The editing in Caecilia Tripp’s film is at once a construction of and a reflection on repetition. The Making of Americans does not seem to have a
beginning or end, like a long improvised conversation that one stumbles into the middle of, and yet it is within this fluidity that the ruptures of
voice and sound take place. Oral narration and music mixed by DJ Spooky become as many ways to construct a different history: A different story,
A different history.
Free Style! (Caecilia Tripp by Anne Dressen)
Exploring the question of creolization in the contexts of post-colonialization and of globalization (le Tout-Monde to quote Glissant),
Caecilia Tripp, recently invited for a residence at PS 1 in New York, directed a fi lm, The Making of Americans, a «free-style opera» version
of Gertrude Stein’s book.
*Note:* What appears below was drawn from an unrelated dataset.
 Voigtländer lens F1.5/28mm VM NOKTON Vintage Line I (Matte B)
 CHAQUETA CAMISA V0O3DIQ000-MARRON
Written in 1908 and published in 1926, The Making of Americans tells in a non-linear fashion the genealogy of
American culture, founded on the principles of immigration and diversity. Stein’s writing – she co-authored with Virgil Thompson in 1934
Four Saints and three acts, an opera that played on Broadway at the time when African Americans were segregated–incorporates the ideas of accident,
rupture and repetition and anticipates slam and hip hop.
With a soundtrack by DJ Spooky ‘the History maker’ playing notably Not in our names by Saul Williams – Caecilia Tripp filmed the rap ‘Diva’
Jean Grae cruising New York in a limo, and the slammer Postell as a street ‘Poet’ preacher, appropriating passages from Stein on the means
of variation and digression of spoken word poetry. Another protagonist, the ‘Magician’, animates a marionette before performing a matrix
laser show in front of closed theater curtains while two ‘twins’ tap and dance in the tradition of musicals. The characters, each incarnating
an idea of spectacle as a metaphor for the construction of the American identity, moving around without ever meeting, in emblematic places of
New York: the Apollo Theater ("where stars are born and legends are made"), Times Square, Harlem, the Brooklyn Bridge, Ground Zero…
"Anyone is one"… but at the same time one notices that each character of the film posseses a doppelgänger, a complementary reflection, in a game
of back and forth between the individual and the collective, the plenty and the void (the ‘Twins’, but also the absent Twin Towers, the ‘Diva’
and her fans, the ‘Magician’ and his marionette, the ‘DJ’ and the ‘Poet’); the image doubles, splits and mirrors sometimes, the words are repeated,
the sounds reverberate in echo, evoking in some way the two turntables of a scratching DJ, replaying history backwards and forwards, in the fashion
of Caecilia Tripp’s film based on sampling and mixing, between story and history telling.